Thought you made the mistake on purpose to prove your point further. lol Anyone understanding that, has an IQ high enought to become a 2400 player.
As per the mini debate above. Blake is correct, a correlation doesn't have to be linear. I wasn't sure what bivariate normal meant, Joeydvivre, but it appears to be a term from probability theory [ http://mathworld.wolfram.com/BivariateNormalDistribution.html ] which is slightly irrelevent to the discussion at hand, but having the subject in your mind may have caused you confusion. The correlation of variables, x and y, in the equation y = x^2 is enough to disprove your argument.
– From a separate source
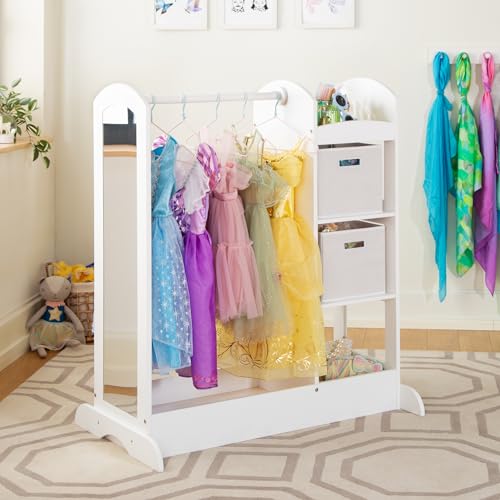 Image of Guidecraft See and Store Dress-up Center – White: Pretend Play Costume Storage Wardrobe for Kids with Mirror & Shelves, Armoire with Bottom Tray, Toddlers Room Furniture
I don't know why you're getting so upset, joeydvivre. I really didn't mean to offend you. I'm sure you know exactly what you're talking about, and I admit a great deal of ignorance concerning statistics. But I think you're attempting to apply some detail concerning your area of expertise to the whole of mathematics. 'Correlation' denotes relationship, and relationships by no means must be linear, that much is perfectly clear.I suspect you are asking me for a linear correlation coefficient for a non-linear equation above, so I will decline to answer.Edit: I can only presume I was correct that you are generally applying a very specific definition: http://scholar.google.co.uk/scholar?hl=en&q=%22non-linear+correlation%22&btnG=&as_sdt=1%2C5&as_sdtp=
There's definately a correlation. Here's a very close formula for your maximum rating - 10 x IQ plus 1000.
Where on earth did you get this from? According to that, Carlsen and Aronian must have IQs well into the 180s, 190s even, i.e. mega-mega-genius. I've heard both of the talking and doing interviews, and they certainly sound like intelligent guys, who obviously excel in their field, but IQ of 180? I'm sure they would laugh at the suggestion.
And this is leaving aside all the points about IQ being subjective, etc etc.
I tried an IQ test and scored 125. According to your formula, I will never break 2250. I find this insulting. I am currently rated 2050 by my national federation and don't see any reason why I can't eventually get to master level if I put the hard work in.